Dropping every picture, set down exactly the lines in the entries below, starting with the line with "Electric cordless floor" and going on through the line with "Appartement te koop: Isabella".

*Listed entries*.
■ ■ ■
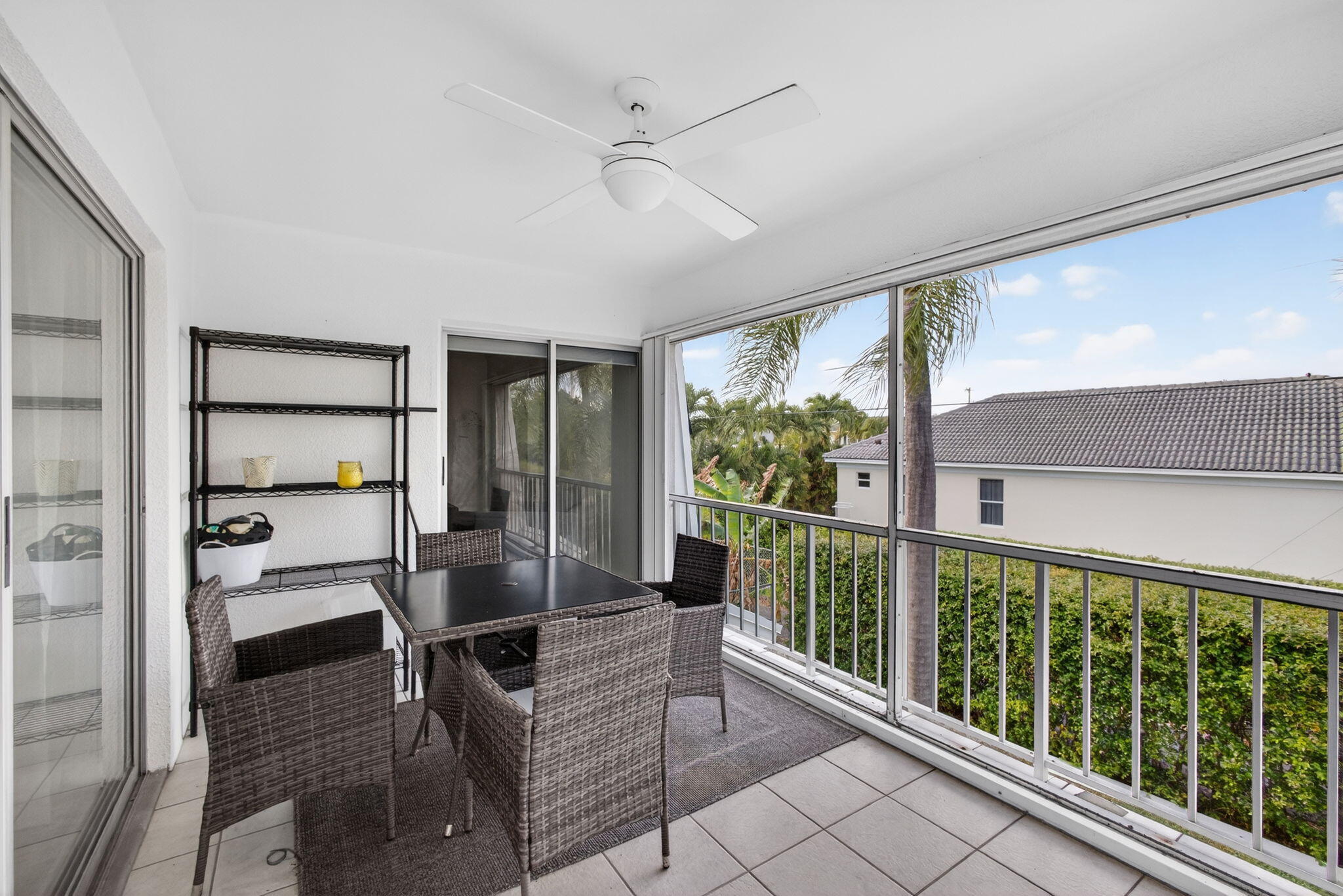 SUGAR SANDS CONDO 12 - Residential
■ ■ ■
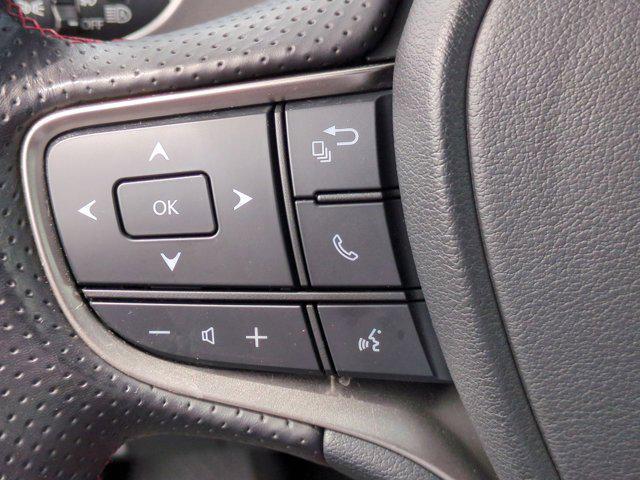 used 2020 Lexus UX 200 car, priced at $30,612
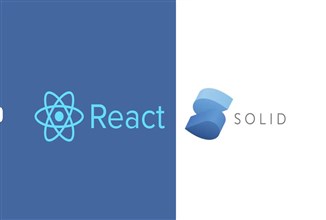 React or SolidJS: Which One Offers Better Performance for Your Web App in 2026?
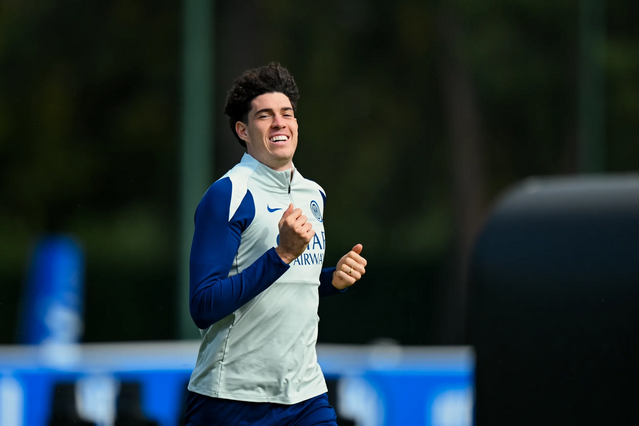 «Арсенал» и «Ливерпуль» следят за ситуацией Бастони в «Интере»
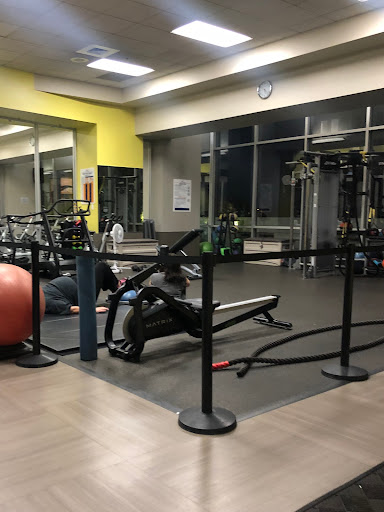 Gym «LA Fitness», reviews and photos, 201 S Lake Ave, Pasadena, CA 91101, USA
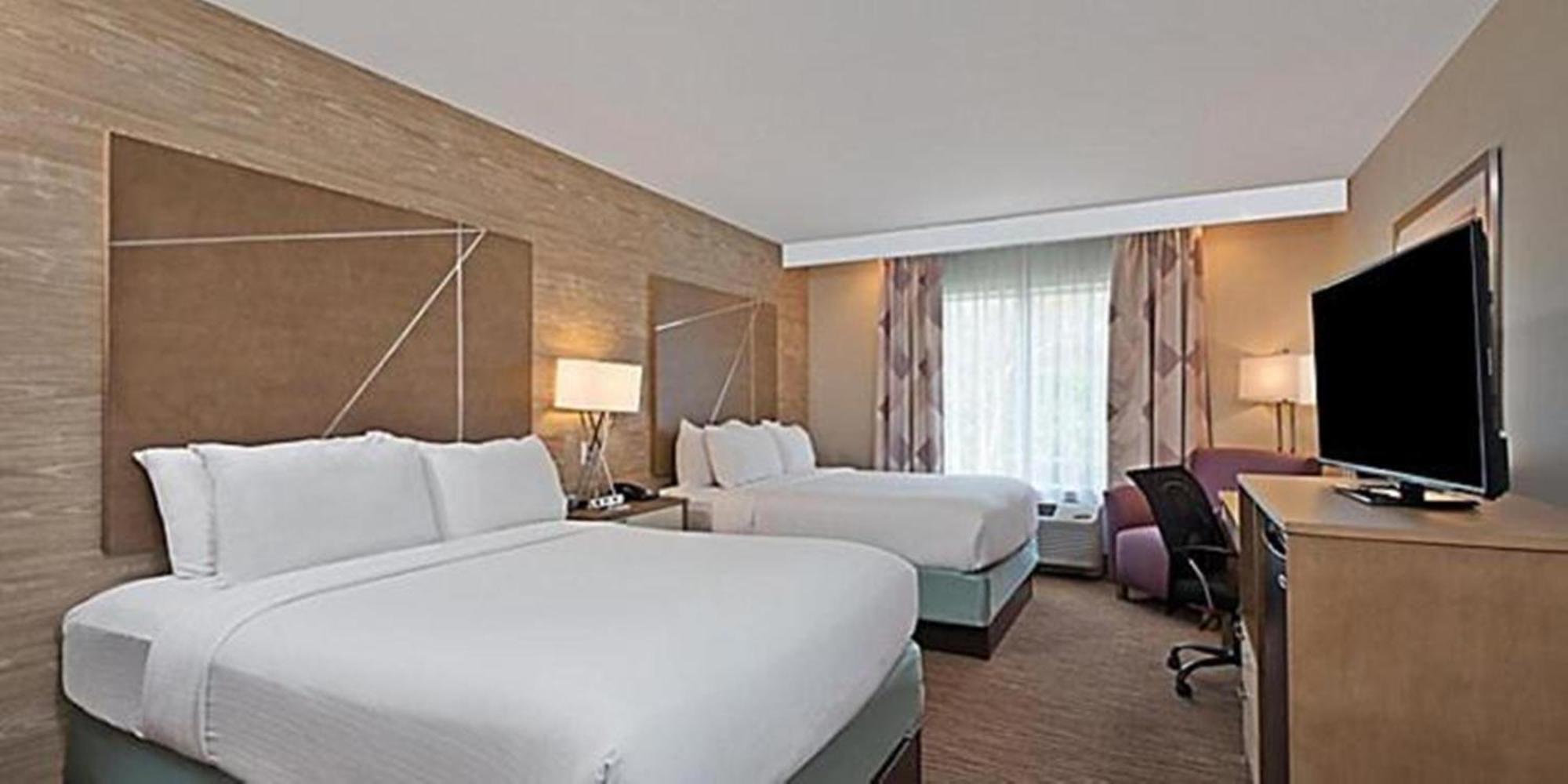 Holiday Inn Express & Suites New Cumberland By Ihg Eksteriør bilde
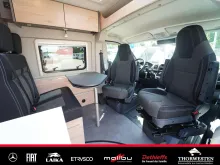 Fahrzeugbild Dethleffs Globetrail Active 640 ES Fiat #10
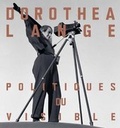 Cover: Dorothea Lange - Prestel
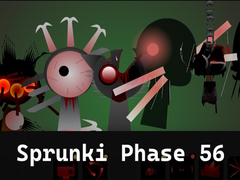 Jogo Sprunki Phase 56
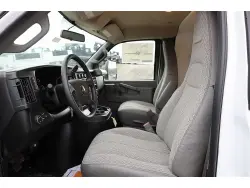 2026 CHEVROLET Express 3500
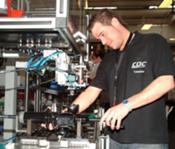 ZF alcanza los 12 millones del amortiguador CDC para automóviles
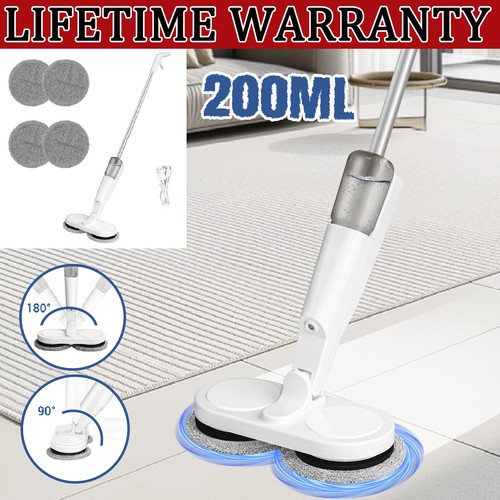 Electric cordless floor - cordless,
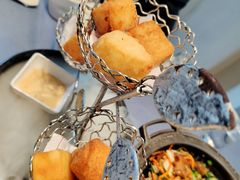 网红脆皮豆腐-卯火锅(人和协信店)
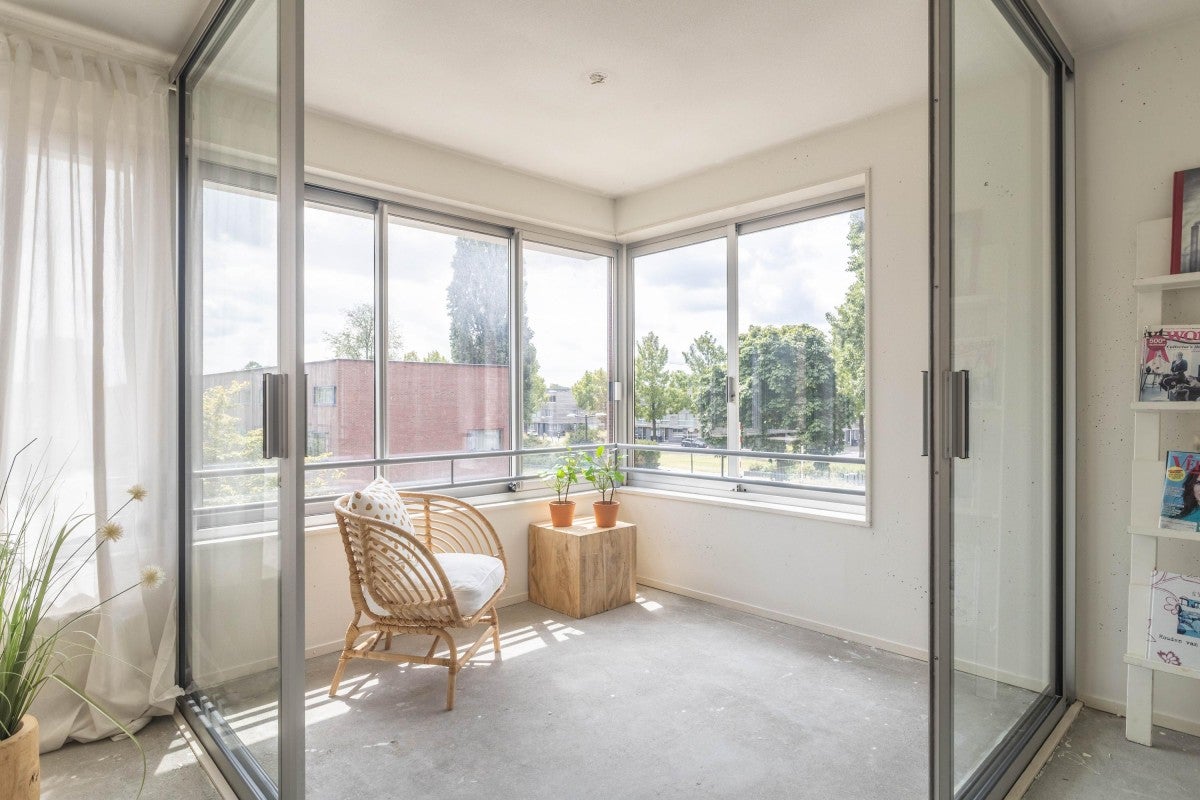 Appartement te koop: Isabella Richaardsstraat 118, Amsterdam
■ ■ ■
*Answer box*.
 Electric cordless floor - cordless,
 网红脆皮豆腐-卯火锅(人和协信店)
 Appartement te koop: Isabella Richaardsstraat 118, Amsterdam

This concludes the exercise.